Confused by the media about what's happening with oil prices and how we might sensibly respond? Here's a quick look at what the some economically conservative voices are saying.

Summary: 

Confused by the media about what's happening with oil prices and how we might sensibly respond? Here's a quick look at what the some economically conservative voices are saying.

Are record oil and gasoline prices largely the fault of speculators, the falling dollar and the subprime mortgage crisis? Should the US open the Arctic National Wildlife Refuge (ANWR) and protected offshore areas to oil drilling? Is peak oil still a few years off, or are we in it right now?

If you largely get your news from the mainstream media you'll quickly get confused about what's happening with oil.

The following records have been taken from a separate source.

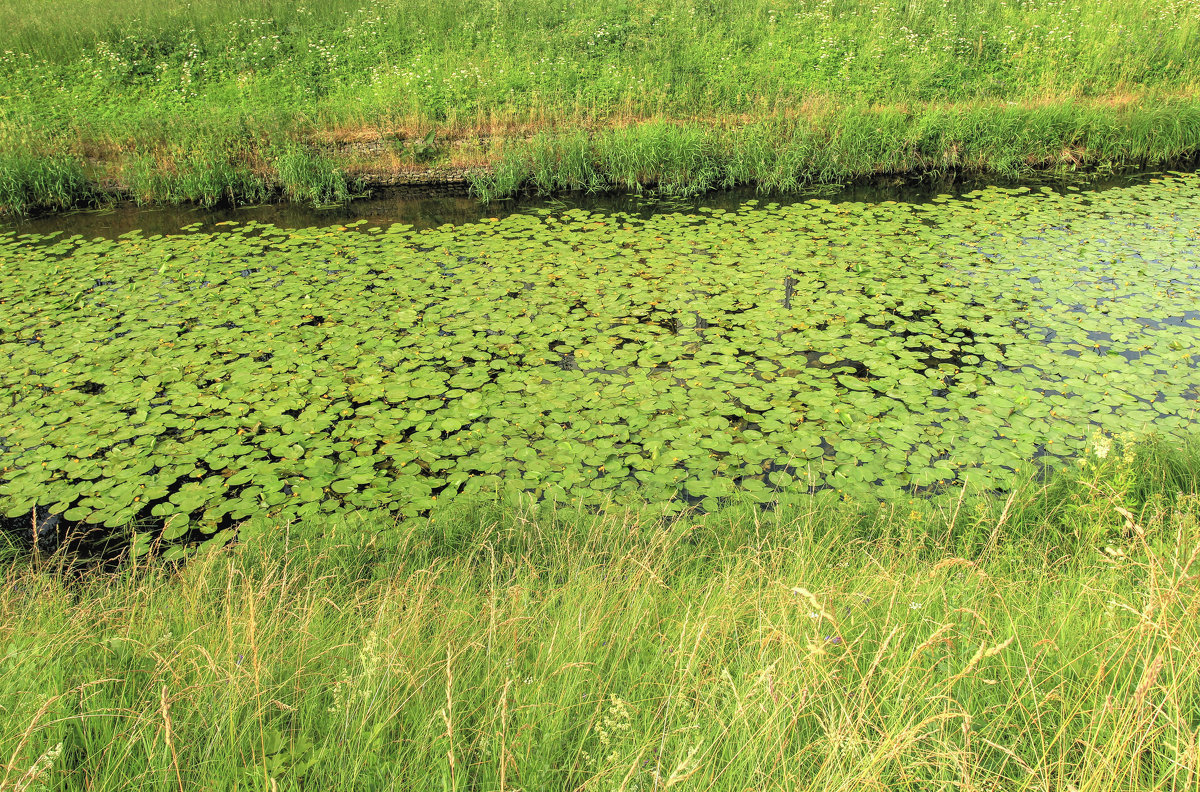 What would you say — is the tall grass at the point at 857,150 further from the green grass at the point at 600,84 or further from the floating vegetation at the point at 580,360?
the floating vegetation at the point at 580,360

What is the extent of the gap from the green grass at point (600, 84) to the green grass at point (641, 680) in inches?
277

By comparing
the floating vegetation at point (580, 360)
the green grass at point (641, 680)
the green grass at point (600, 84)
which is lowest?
the floating vegetation at point (580, 360)

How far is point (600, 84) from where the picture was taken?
34.5 ft

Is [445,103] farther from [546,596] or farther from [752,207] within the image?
[546,596]

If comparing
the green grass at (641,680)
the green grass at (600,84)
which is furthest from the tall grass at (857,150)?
the green grass at (641,680)

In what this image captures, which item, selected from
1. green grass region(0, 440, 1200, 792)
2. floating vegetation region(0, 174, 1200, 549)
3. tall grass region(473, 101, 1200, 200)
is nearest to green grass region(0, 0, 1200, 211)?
tall grass region(473, 101, 1200, 200)

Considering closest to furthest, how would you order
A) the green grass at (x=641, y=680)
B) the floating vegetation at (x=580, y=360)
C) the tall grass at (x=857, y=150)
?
the green grass at (x=641, y=680)
the floating vegetation at (x=580, y=360)
the tall grass at (x=857, y=150)

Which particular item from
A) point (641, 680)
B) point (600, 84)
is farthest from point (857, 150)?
point (641, 680)

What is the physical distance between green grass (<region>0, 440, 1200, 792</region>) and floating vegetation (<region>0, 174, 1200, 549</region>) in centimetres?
100

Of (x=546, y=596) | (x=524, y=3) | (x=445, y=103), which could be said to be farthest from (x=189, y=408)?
(x=524, y=3)

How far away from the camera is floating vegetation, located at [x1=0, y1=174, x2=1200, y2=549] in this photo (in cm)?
389

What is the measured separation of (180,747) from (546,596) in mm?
1319

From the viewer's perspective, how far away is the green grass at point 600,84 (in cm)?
901

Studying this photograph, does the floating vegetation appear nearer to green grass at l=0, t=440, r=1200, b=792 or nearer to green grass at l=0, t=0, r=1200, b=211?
green grass at l=0, t=440, r=1200, b=792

And no wonder: the global economy and the global oil industry are two incredibly complex systems that do not exactly lend themselves to soundbite-style analysis.

As always, I highly recommend former CIA analyst Tom Whipple's weekly Peak Oil Review for an informed, apolitical view on what's going on behind the scenes of oil. In his last few Reviews, Whipple included a few quotes that I found neatly summarized the current situation (all the quotes below are from the Review unless otherwise notes) -- both because of what the quotes said and who said them:

Production and Peaking

  • "Oil is no longer cheap; indeed, it has never been more expensive. Moreover, there is growing concern that the supply of oil may soon peak as consumption continues to grow, known supplies run out and new reserves become harder to find."
      -- From last week's The Economist (which has a whole section on energy)
  • "Many people's supply-demand models for 2010 and beyond are out of balance. The futures market is sending a message to the physical market. Either you slow demand and increase supply or prices are going to go a lot higher."
      -- Adam Sieminski, chief energy economist, Deutsche Bank

Speculation and the weak dollar

  • "Oil markets are driven by fundamentals. Our response to the notion that it is merely a bubble is that you are still seeing no supply growth. If the price isn't real, where is the supply?"
      -- Arjun Murti, Goldman Sachs
  • "Market fundamentals show us that production has not kept pace with growing demand for oil, resulting in increasing prices and increasingly volatile prices... There is no evidence that we can find that speculators are driving futures prices [for oil]."
      -- U.S. Energy Secretary Sam Bodman (quoted here)

Offshore and ANWR drilling

  • "The projections in the OCS [outer continental shelf] access case indicate that access to the Pacific, Atlantic, and eastern Gulf regions would not have a significant impact on domestic crude oil and natural gas production or prices before 2030."
      -- US Energy Information Administration
  • "...projected ANWR oil production constitutes between 0.4 and 1.2 percent of total world oil consumption in 2030, based on the low and high resource cases, respectively. Consequently, ANWR oil production is not projected to have a large impact on world oil prices."
      -- US Energy Information Administration (quoted here)

Natural gas

  • "A few years ago people looked at L.N.G. [liquefied natural gas] as a solution to North America's gas needs. But today we see that there is less L.N.G. around than people expected, and there is more competition for that L.N.G. from markets that are willing to pay more than the United States."
      -- Nikos Tsafos, analyst with PFC Energy

And finally, here's brand new bit of worrisome news from CIBC World Markets:

  • "A new forecast calls for gasoline prices to hit $7 (U.S.) a gallon in the next two years and oil to soar to $200 a barrel by 2010. The report by CIBC World Markets also predicts there will be 10 million fewer cars on the road in the United States by 2012."
      -- '$7-a-gallon gas, 10-million fewer cars: Rubin,' 26 June 2008, The Globe and Mail (Toronto).